As custas da acção fixam-se pelos apelados (artº 527 nº1 do C.P.C.).


Coimbra 09/11/22



[1] Neste sentido vide Ac. do TRE de 11/01/2018, proferido no proc. nº 187/13.2TBMRA.E1, de que foi relator Mário Branco Coelho, disponível in www.dgsi.pt
[2] PROENÇA, Carlos Garranho, Tutela Jurisdicional Efectiva no Direito da União Europeia, Dimensões Teoréticas e Práticas, Petrony, 2017, pág. 20.
[3] Disponível no sítio curia.europa.eu, ECLI:EU:C:2018:631.
[4] PROENÇA, Carlos Garranho, ob.cit., pág. 325.
[5] QUADROS, Fausto de, Direito da União Europeia, 3ª edição, Almedina, pág. 582.
[6] Conforme Jurisprudência firmada nos Acórdãos de 24 de Janeiro de 2012, Dominguez, C‑282/10, EU:C:2012:33, n.° 23, e de 10 de Outubro de 2013, Spedition Welter, C‑306/12, EU:C:2013:650, n.° 28.
[7] Conforme jurisprudência firmada nos Acórdãos de 26 de fevereiro de 1986, Marshall, 152/84, EU:C:1986:84, n.° 48; de 14 de julho de 1994, Faccini Dori, C‑91/92, EU:C:1994:292, n.° 20; e de 5 de outubro de 2004, Pfeiffer e o., C‑397/01 a C‑403/01, EU:C:2004:584, n.° 108.
[8] Cfr. Acórdãos do TJUE de 24 de janeiro de 2012, Dominguez, C‑282/10, considerandos n.ºs 40 e 41, ECLI:EU:C:2012:33; de 25 de junho de 2015, Indėlių ir investicijų draudimas e Nemaniūnas, C‑671/13, considerandos n.ºs 59 e 60, ECLI:EU:C:2015:418, todos disponíveis in curia.europa.eu. 
[9] ECLI:EU:C:2014:2146, disponível in curia.europa.eu.

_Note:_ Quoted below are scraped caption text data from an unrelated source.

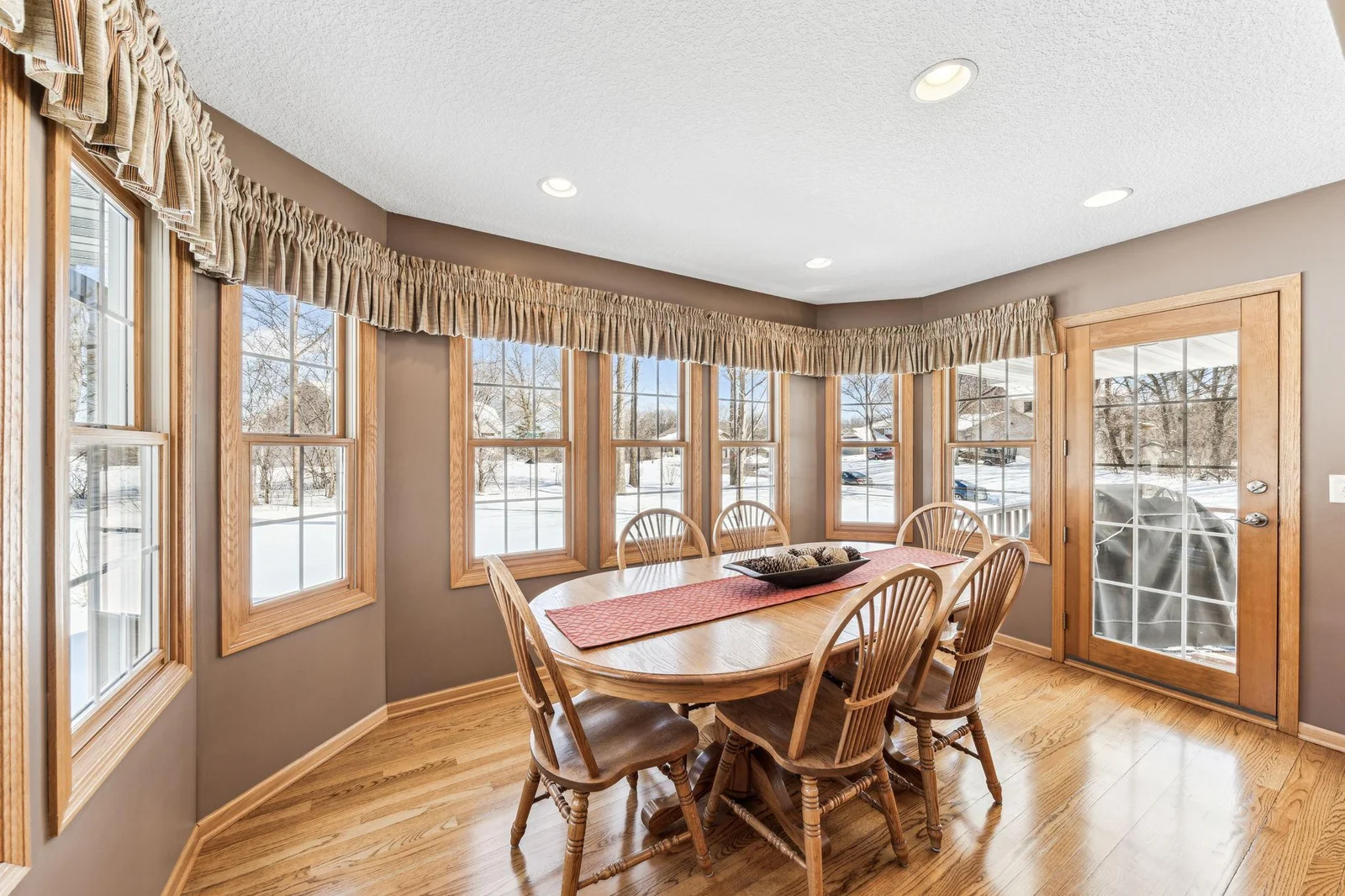 Great dining room space is open from the kitchen and features hardwood floors and a ton of natural light.
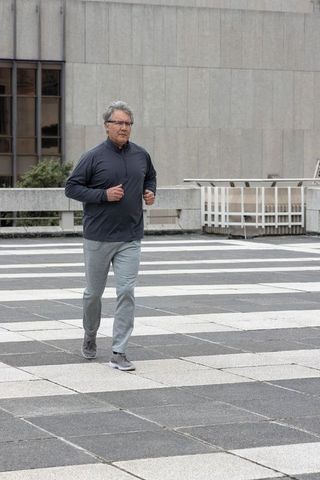 Senior man jogging on urban tiled plaza near concrete railing, minimalist monochrome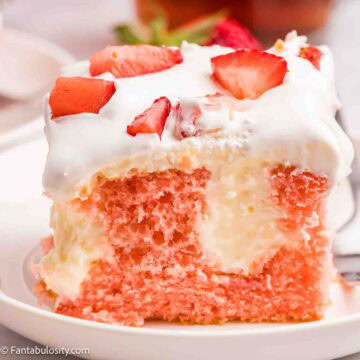 A slice of strawberry cheesecake poke cake on a round plate.
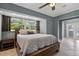 Main bedroom with a queen bed, and direct access to backyard at 9 Grace St, Crystal Beach, FL 34681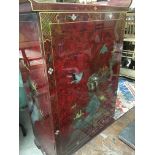 A reproduction oriental style cabinet decorated wi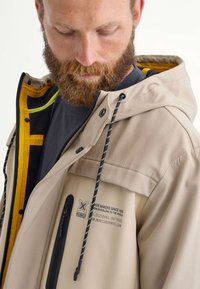 Un homme avec une barbe porte une veste beige avec une doublure intérieure noire et jaune, présentant une poche zippée et des détails de marque.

[10] https://curia.europa.eu.
[11] Aliás tal entendimento, veio a ser expressamente consagrado na Directiva (UE) 2021/2118 que, na sequência dos Acórdãos do TJUE acima citados, veio introduzir um artº 1-A à Directiva 2009/163/CE no qual se especifica o que se deve entender por circulação de veículos: “qualquer utilização de um veículo que esteja em conformidade com a função habitual desse veículo enquanto meio de transporte aquando do acidente, independentemente das características do veículo e independentemente do terreno em que o veículo automóvel seja utilizado, e quer se encontre estacionado ou em movimento.”
[12] Proferido no proc. nº 3130/16.3T8AVR.P1.S1, de que foi relator Ricardo Costa, disponível in www.dgsi.pt
[13] Proferido no Proc. nº  1533/12.1TBGRD.C1, de que foi relator Telles Pereira, disponível in www.dgsi.pt.
[14] Proferido no proc. nº 440/16.3T8FLG.P1, de que foi relator Augusto de Carvalho, disponível in www.dgsi.pt.
[15] Proferido no proc. nº 535/14.8TBPTL.G1, de que foi Relator José Moreira Dias, disponível in www.dgsi.pt.
[16] Proferido no proc. nº 1341/16.0T8VRL.G1, de que foi relator Espinheira Baltar, disponível in www.dgsi.pt
[17] Proferido no proc. 613/01, de que foi relator Oliveira Barros, CJSTJ, tomo II, pág. 43.
[18] Proferido no proc. nº 312/11.8TBRGR.L1.S1, de que foi relator Abrantes Geraldes, disponível in www.dgsi.pt
[19] OLIVEIRA, Arnaldo Filipe da Costa, O Seguro Obrigatório de Responsabilidade Civil Automóvel (Síntese das Alterações de 2007 - DL 291/2007 de 21 de Agosto), Almedina 2008, pág. 52.